**Crawled caption data:**
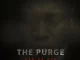 Senior Oat – The Purge ft Garret M1ller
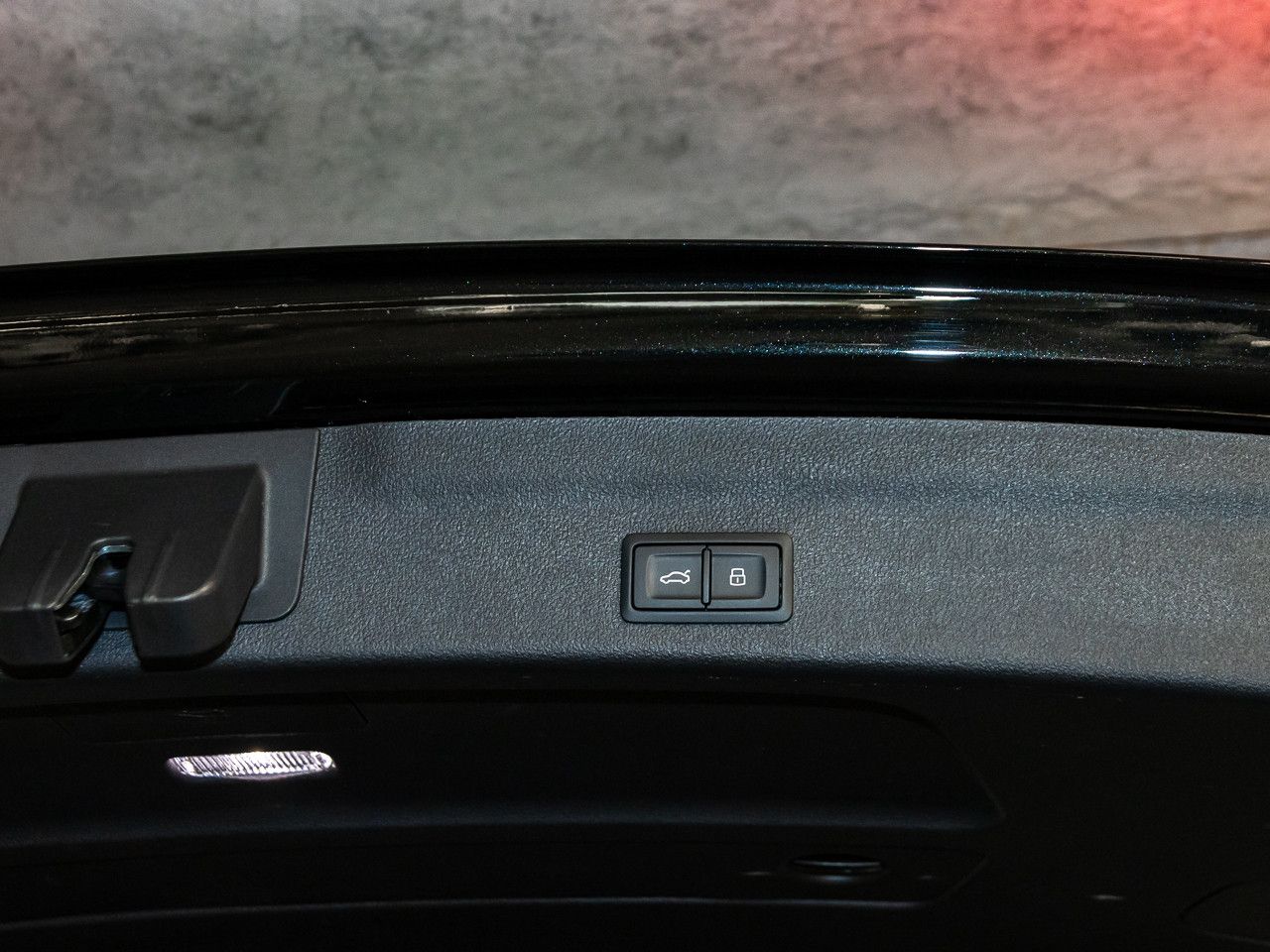 Audi A6 Avant 40 TDI S tronic - Samsaru's Car Outlet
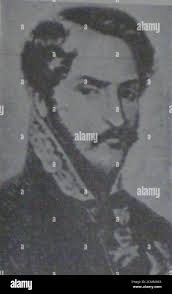 Martin gomez hi-res stock photography and images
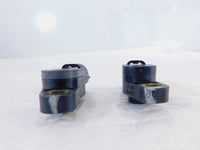 2008 & 2009 Kawasaki Councours 14 ZG1400 Throttle Valve Position TPS Sub Sensors - C3 Cycle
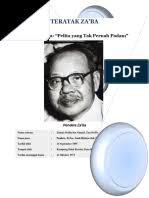 & formation indesign pour pdf interactifs + certification tosa. Senarai Semak Borang 34
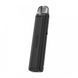 Lost Vape Ursa Nano 3 Twill Black 2843 фото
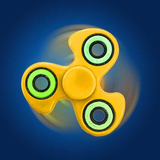 com.redgame.spinner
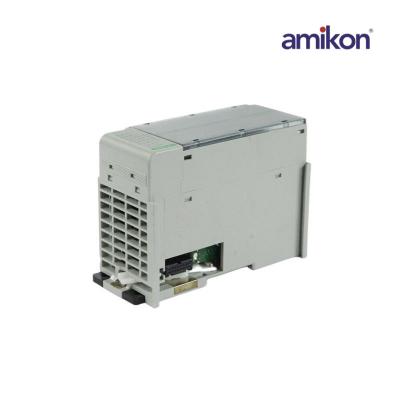 1769-OB32 Output Module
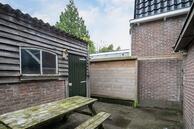 Historische woningfoto van Steendijk 147, Assen uit 2021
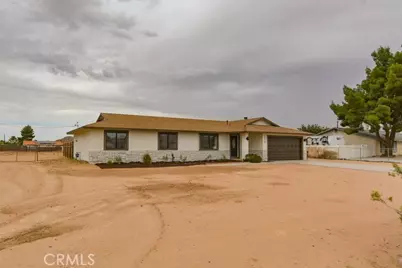15620 Comanche Road, Apple Valley, CA 92307 - Photo 5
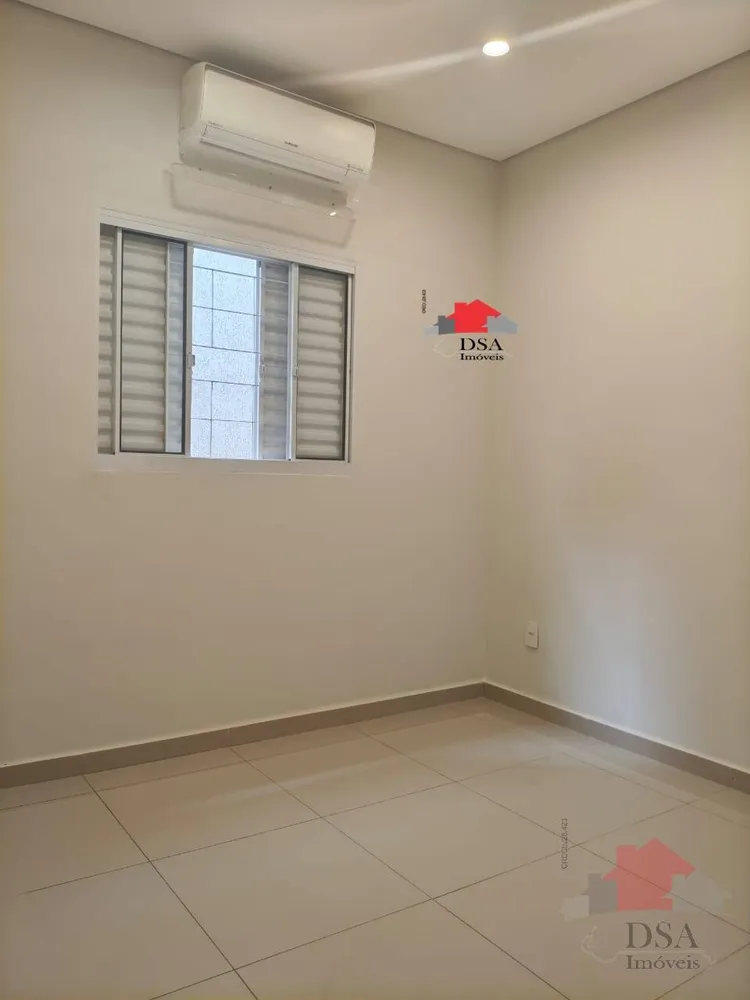 Casa, 2 quartos, 105 m² - Foto 11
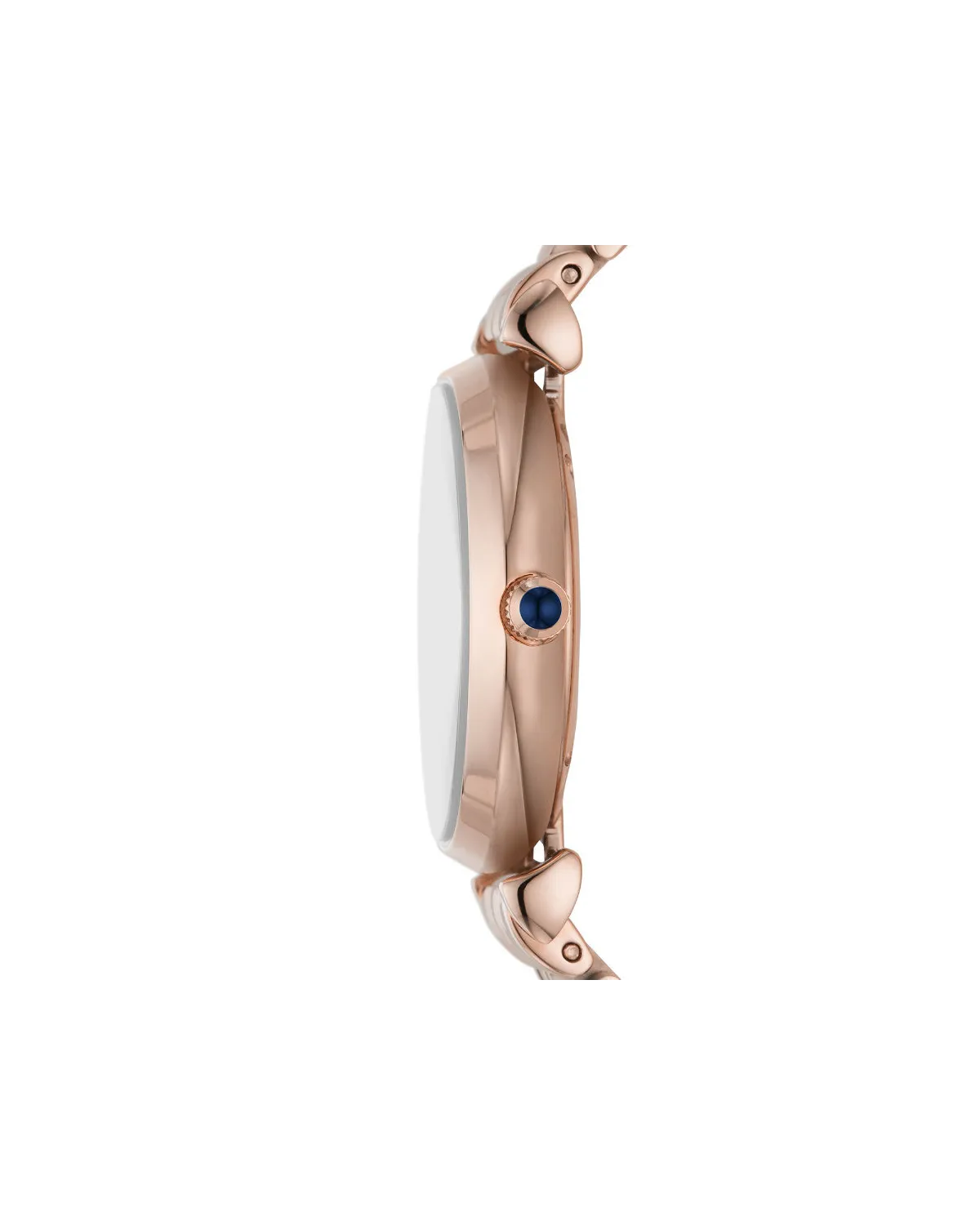 ZEGAREK DAMSKI EMPORIO ARMANI AR11423 - GIANNI T-BAR (zi511c) ZEGAREK DAMSKI EMPORIO ARMANI AR11423 - GIANNI T-BAR (zi511c)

**What you will do:** I would like the data copied exactly as it stands, with no pictures included.

**Solution to this task:**
 Senior Oat – The Purge ft Garret M1ller
 Audi A6 Avant 40 TDI S tronic - Samsaru's Car Outlet
 Martin gomez hi-res stock photography and images
 2008 & 2009 Kawasaki Councours 14 ZG1400 Throttle Valve Position TPS Sub Sensors - C3 Cycle
 & formation indesign pour pdf interactifs + certification tosa. Senarai Semak Borang 34
 Lost Vape Ursa Nano 3 Twill Black 2843 фото
 com.redgame.spinner
 1769-OB32 Output Module
 Historische woningfoto van Steendijk 147, Assen uit 2021
15620 Comanche Road, Apple Valley, CA 92307 - Photo 5
 Casa, 2 quartos, 105 m² - Foto 11
 ZEGAREK DAMSKI EMPORIO ARMANI AR11423 - GIANNI T-BAR (zi511c) ZEGAREK DAMSKI EMPORIO ARMANI AR11423 - GIANNI T-BAR (zi511c)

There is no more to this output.